(Task statement)
Pictures in the records below must be left out. Return exactly the lines from the line with "2018 NHRU Round" to the line with "In stock! Baroque", both included.

+++++

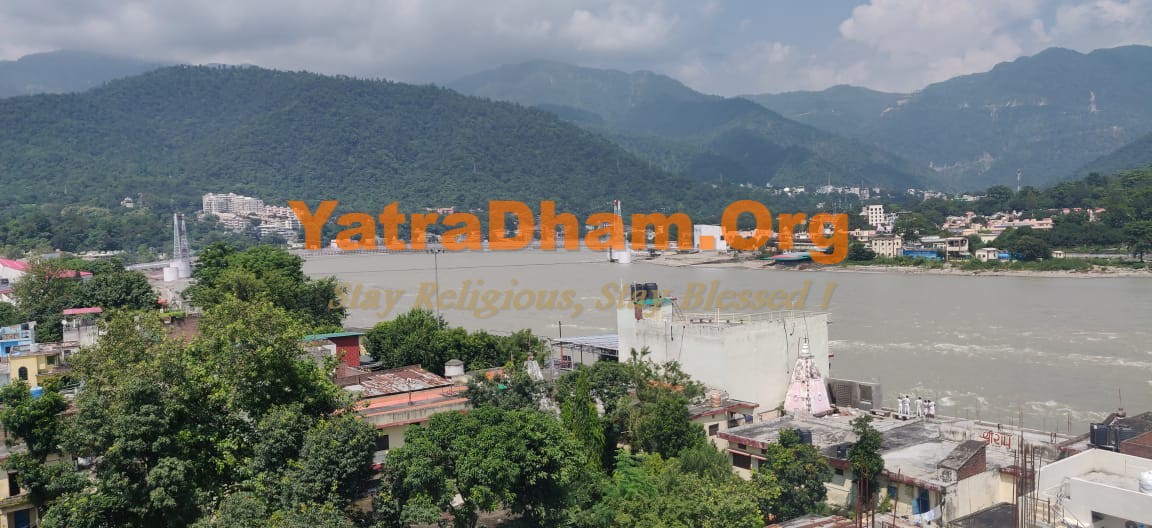 Rishikesh Ganga Cottage Swaminarayan Mandir Ganga Ghat View1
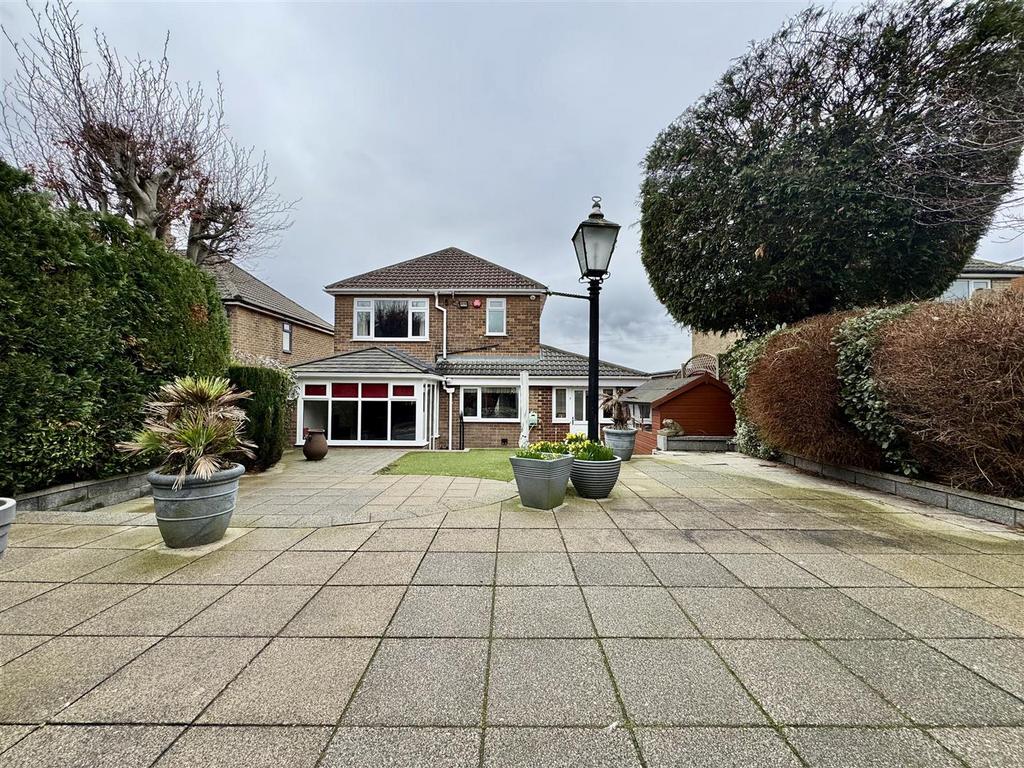 Rear garden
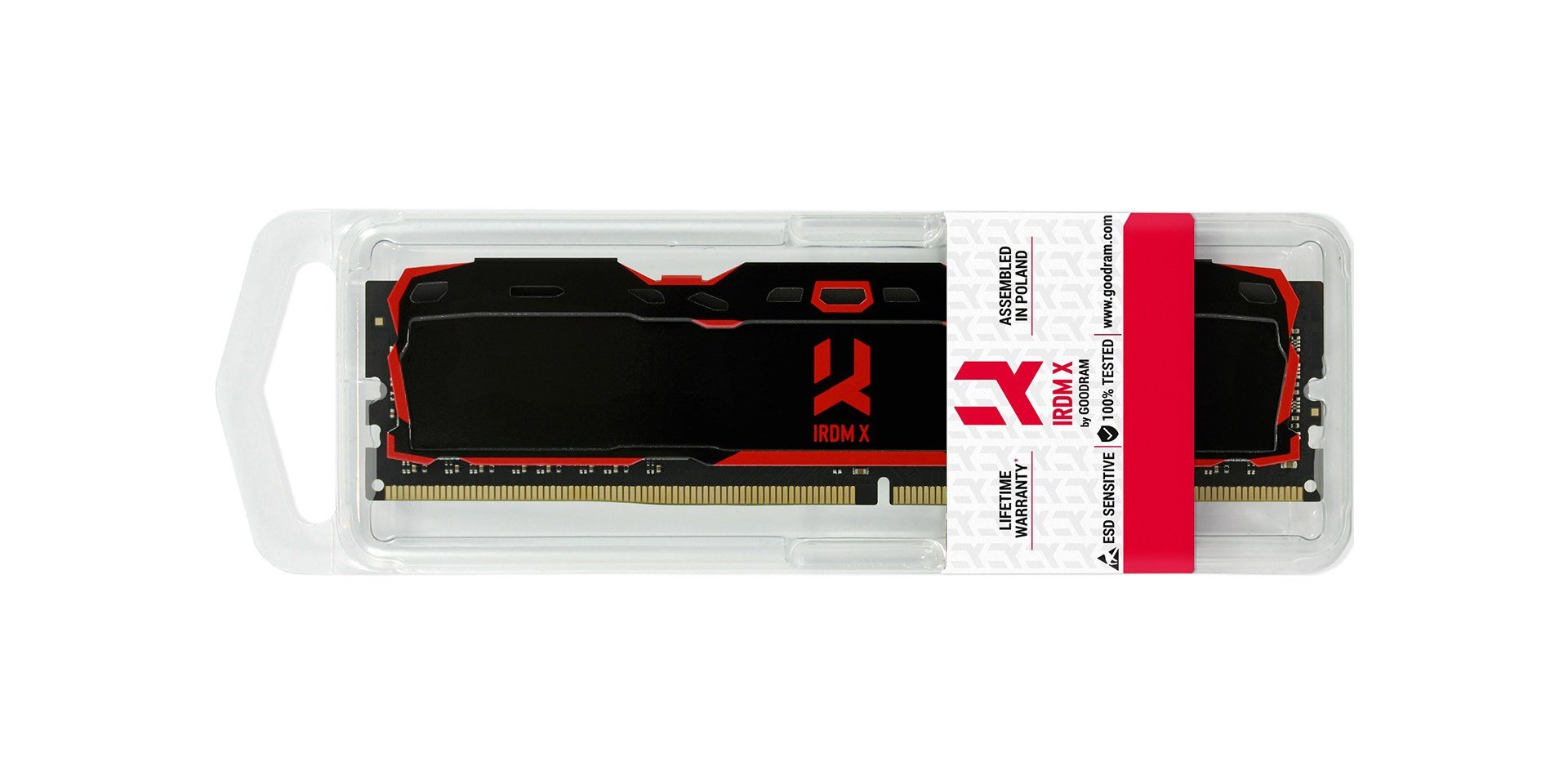 Goodram DDR4 IRDM X RAM, 8GB, 3200, Black - Image 1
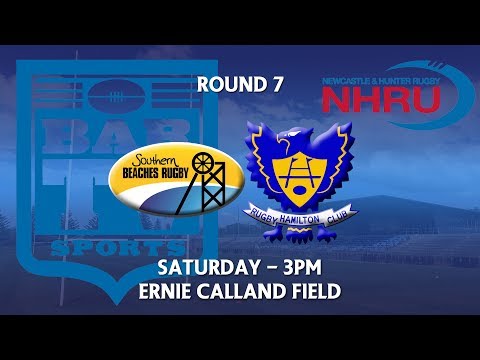 2018 NHRU Round 7 Premier 1 - Southern Beaches v Hamilton Hawks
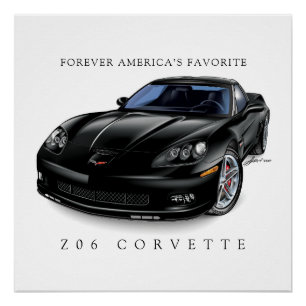 POSTER ÉLÉGANT Z-06 VETTE ILLUSTRATION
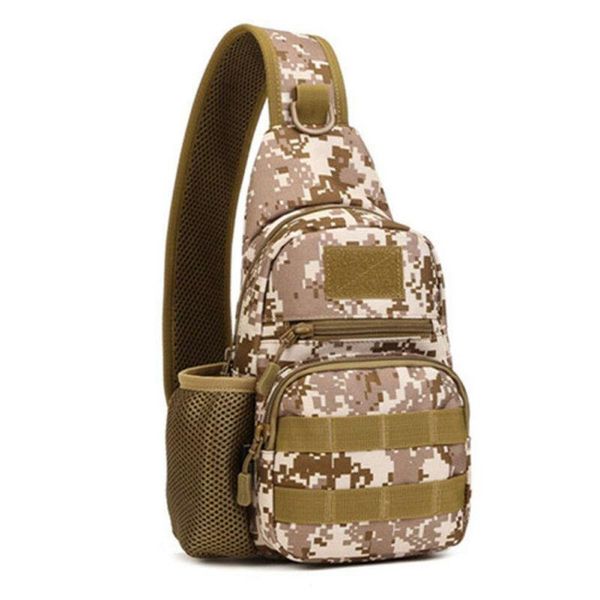 

sports chest bag one shoulder military camouflage backpack camping travel hiking trekking outdoor bags
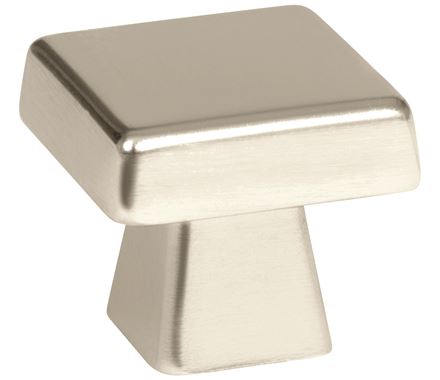 AMEROCK Blackrock Square Cabinet Knob in Polished Nickel (+2 Sizes)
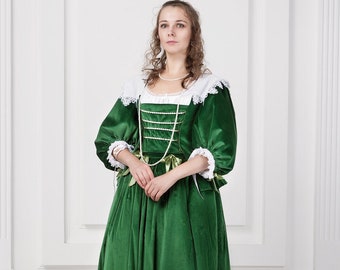 In stock! Baroque noble woman dress 1st part of 17th century, Europe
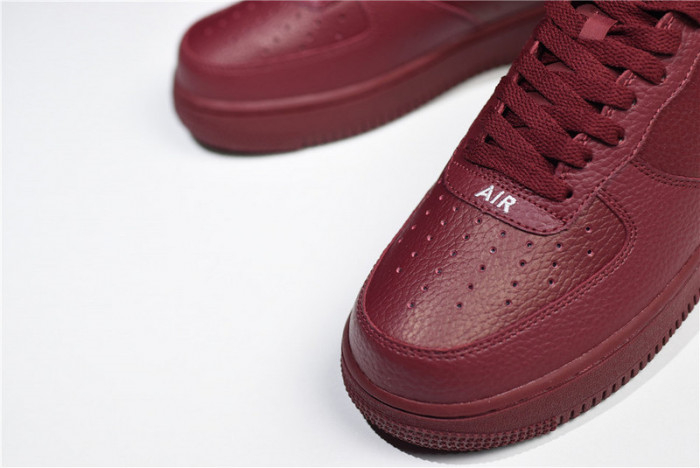 Nike Air Force 1 Low 07 LTHR Sail Team Red AJ7280-600 - Image 15
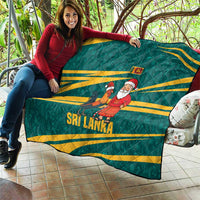 Sri Lanka Christmas Quilt with Santa Claus Rooster Festive Pattern and National Flag Design - Wonder Print Shop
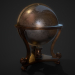 modèle 3D de Globe médiéval Modèle 3D low-poly gratuit acheter - rendu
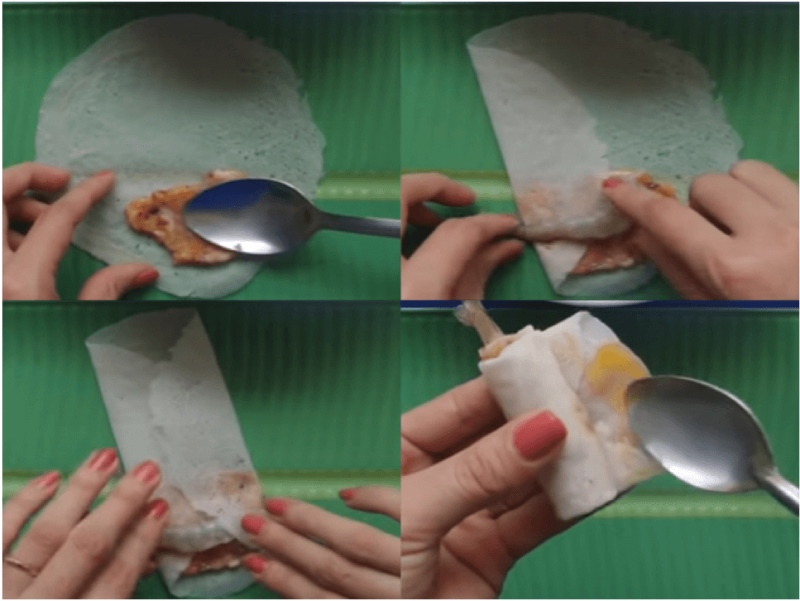 quy trình cách cuốn chả giò không bị bung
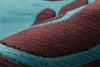 Momeni New Wave NW-88 Turquoise Area Rug Detail Shot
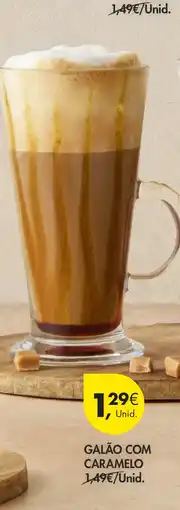 Pingo Doce Galão com caramelo promoção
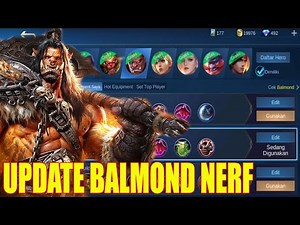UPDATE Lagi ! Emblem dan Build Terkuat Balmond Setelah di Nerf oleh Moonton | Balmond Gak Kuat Lagi?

+++++

(Response to this task)
 2018 NHRU Round 7 Premier 1 - Southern Beaches v Hamilton Hawks
 POSTER ÉLÉGANT Z-06 VETTE ILLUSTRATION

sports chest bag one shoulder military camouflage backpack camping travel hiking trekking outdoor bags
 AMEROCK Blackrock Square Cabinet Knob in Polished Nickel (+2 Sizes)
 In stock! Baroque noble woman dress 1st part of 17th century, Europe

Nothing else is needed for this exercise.